Action item —
Give an exact reproduction of the lines from the one with "Electric Lollipop Pink - Dog 60 Pack" to the final line of the entries below, both ends included, and omit the pictures.

Given information —
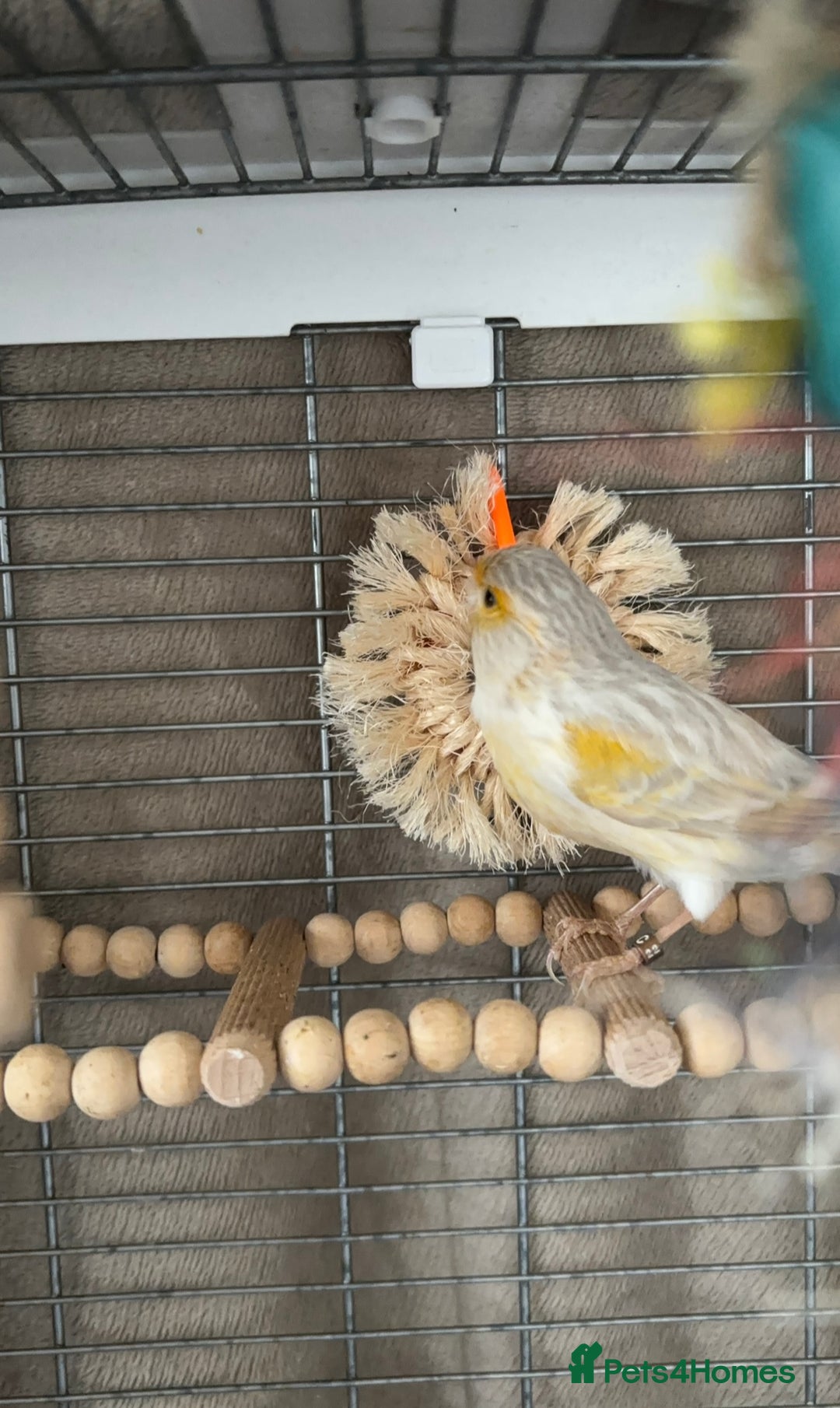 Canaries birds for sale: Adorable Omelette Male Canary - Image 6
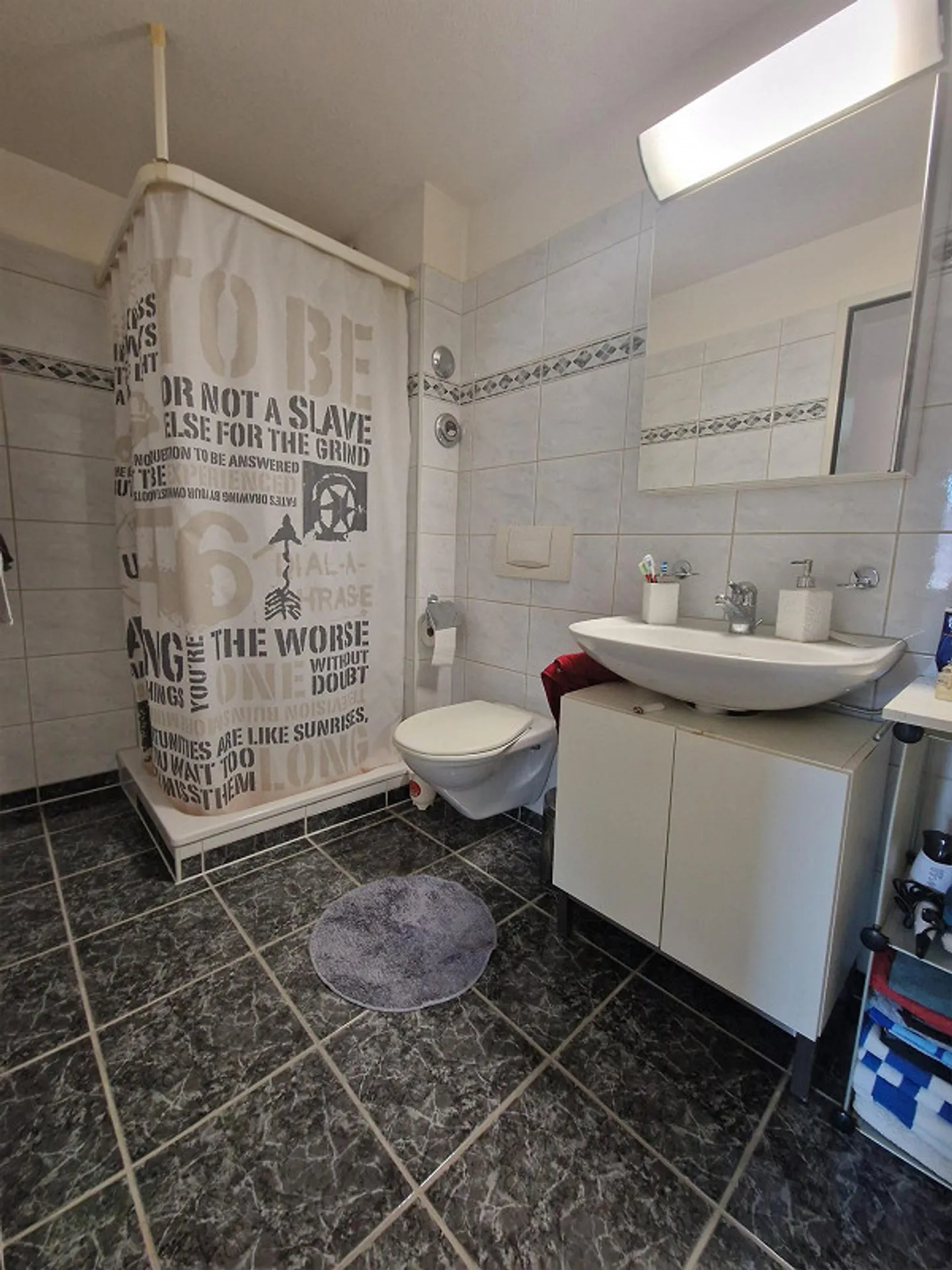 4.5 Room Apartment in Flums - Photo 4 of 11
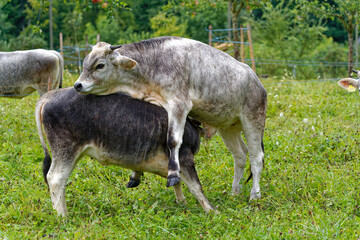 Herd of gray horned cows on meadow breed Rätisches Grauvieh on a rainy summer noon at Swiss City of Zürich. Photo taken August 17th, 2024, Zurich, Switzerland.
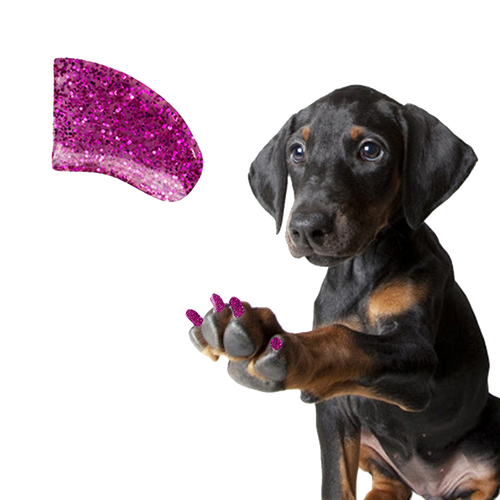 Electric Lollipop Pink - Dog 60 Pack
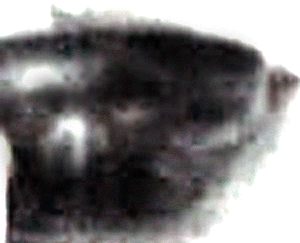e0103408_16594157.gif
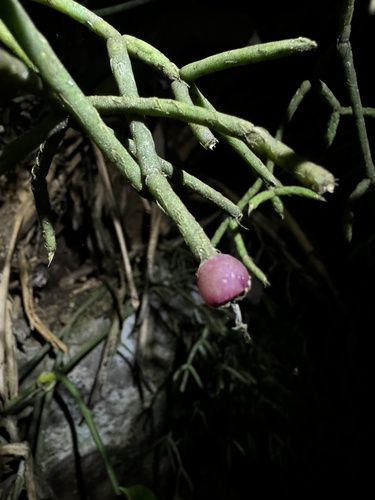 Rhipsalis Cabeluda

Answer space —
 Electric Lollipop Pink - Dog 60 Pack
e0103408_16594157.gif
 Rhipsalis Cabeluda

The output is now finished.